Die der Klägerin erteilte Aufenthaltserlaubnis nach § 25 Abs 3 AufenthG berechtigte sie für sich genommen ihrer Art nach nicht zur Ausübung einer Erwerbstätigkeit (vgl Verwaltungsgericht Osnabrück 05.11.2009, 5 A 154/09, juris mit zustimmender Anmerkung von Hamann, juris-PR-ArbR 5/2010 Anm 3). Der bei der Klägerin vorliegende Zusatz "Erwerbstätigkeit nur mit Zustimmung der Ausländerbehörde gestattet" reicht nicht aus, denn darin wird ausdrücklich eine gesonderte Zustimmungsentscheidung vorbehalten, an der verwaltungsintern gegebenenfalls auch die Bundesagentur für Arbeit mitzuwirken hat (so ausdrücklich BSG 30.09.2010, B 10 EG 6/09 R, juris). Eine Erwerbstätigkeit war der Klägerin im streitigen Zeitraum nach alledem gerade nicht erlaubt.

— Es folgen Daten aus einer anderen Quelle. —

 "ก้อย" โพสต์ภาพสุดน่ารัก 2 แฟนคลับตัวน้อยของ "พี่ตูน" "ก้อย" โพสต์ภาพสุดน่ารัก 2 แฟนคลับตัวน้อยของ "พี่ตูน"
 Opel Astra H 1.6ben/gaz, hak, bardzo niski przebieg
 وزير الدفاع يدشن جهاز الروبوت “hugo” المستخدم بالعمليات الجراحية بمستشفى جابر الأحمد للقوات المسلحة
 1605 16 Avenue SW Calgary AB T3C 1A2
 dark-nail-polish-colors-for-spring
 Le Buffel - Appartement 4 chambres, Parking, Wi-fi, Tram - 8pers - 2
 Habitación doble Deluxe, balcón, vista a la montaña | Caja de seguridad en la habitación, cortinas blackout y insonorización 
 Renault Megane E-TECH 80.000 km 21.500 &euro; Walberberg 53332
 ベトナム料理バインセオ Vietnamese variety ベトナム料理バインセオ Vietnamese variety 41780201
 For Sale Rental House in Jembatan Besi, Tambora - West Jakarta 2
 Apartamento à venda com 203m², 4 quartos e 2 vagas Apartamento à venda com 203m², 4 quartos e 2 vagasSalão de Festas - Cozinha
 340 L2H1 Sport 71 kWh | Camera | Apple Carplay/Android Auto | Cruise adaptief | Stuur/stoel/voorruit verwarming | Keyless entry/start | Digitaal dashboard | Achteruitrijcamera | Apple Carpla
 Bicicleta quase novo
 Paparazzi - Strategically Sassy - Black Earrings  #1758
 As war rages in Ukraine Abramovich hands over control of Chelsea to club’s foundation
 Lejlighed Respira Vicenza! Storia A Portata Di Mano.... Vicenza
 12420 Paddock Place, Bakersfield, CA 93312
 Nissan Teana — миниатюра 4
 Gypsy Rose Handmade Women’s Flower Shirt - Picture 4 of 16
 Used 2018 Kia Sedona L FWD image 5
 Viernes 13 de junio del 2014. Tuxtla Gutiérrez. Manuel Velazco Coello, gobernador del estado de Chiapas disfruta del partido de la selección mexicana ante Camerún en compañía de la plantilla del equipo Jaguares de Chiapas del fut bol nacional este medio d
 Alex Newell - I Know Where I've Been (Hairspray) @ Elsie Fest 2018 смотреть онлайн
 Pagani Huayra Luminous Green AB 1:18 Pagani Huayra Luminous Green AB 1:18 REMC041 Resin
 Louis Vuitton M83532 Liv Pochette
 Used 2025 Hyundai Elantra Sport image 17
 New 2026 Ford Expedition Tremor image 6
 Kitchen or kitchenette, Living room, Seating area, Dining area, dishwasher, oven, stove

Der Ausschluss von Leistungen nach dem BErzGG für nicht freizügigkeitsberechtigte Ausländer, denen die Aufnahme einer Erwerbstätigkeit nicht erlaubt ist, ist nach Überzeugung des Senats auch nicht verfassungswidrig. Das BVerfG hat es in seiner Entscheidung vom 06.07.2004 (1 BvR 2515/95, BVerfGE 111, 176, 185 = SozR 4-7833 § 1 Nr 4) als sachgerecht angesehen, diejenigen Ausländer vom Bundeserziehungsgeld-Bezug auszuschließen, die aus Rechtsgründen ohnehin einer Erwerbstätigkeit nicht nachgehen dürften. Die Gewährung einer Sozialleistung, die Eltern einen Anreiz zum Verzicht auf eine Erwerbstätigkeit geben will, verfehlt ihr Ziel, wenn eine solche Erwerbstätigkeit demjenigen Elternteil, der zur Betreuung des Kindes bereit ist, rechtlich nicht erlaubt ist. Der Gesetzgeber kann daher die Anspruchsberechtigung nicht freizügigkeitsberechtigter Ausländer an den Besitz einer Aufenthaltserlaubnis knüpfen, die zur Ausübung einer Erwerbstätigkeit berechtigt oder berechtigt hat (BSG 30.09.2010, B 10 EG 9/09 R, BSGE 107, 1 = SozR 4-7837 § 1 Nr 2; BSG 28.11.2012, B 10 EG 14/12 B, juris; Senatsurteil vom 18.03.2014, L 11 EG 2191/12). Auch im Rahmen der Entscheidung vom 10.07.2012 (aaO) hat das BSG bestätigt, dass die Beschränkung des Leistungsbezugs auf Personen, die überhaupt rechtmäßig erwerbstätig sein können, gerechtfertigt ist.

Die Kostenentscheidung beruht auf § 193 SGG.

Gründe für die Zulassung der Revision (§ 160 Abs 2 Nrn 1 und 2 SGG) liegen nicht vor.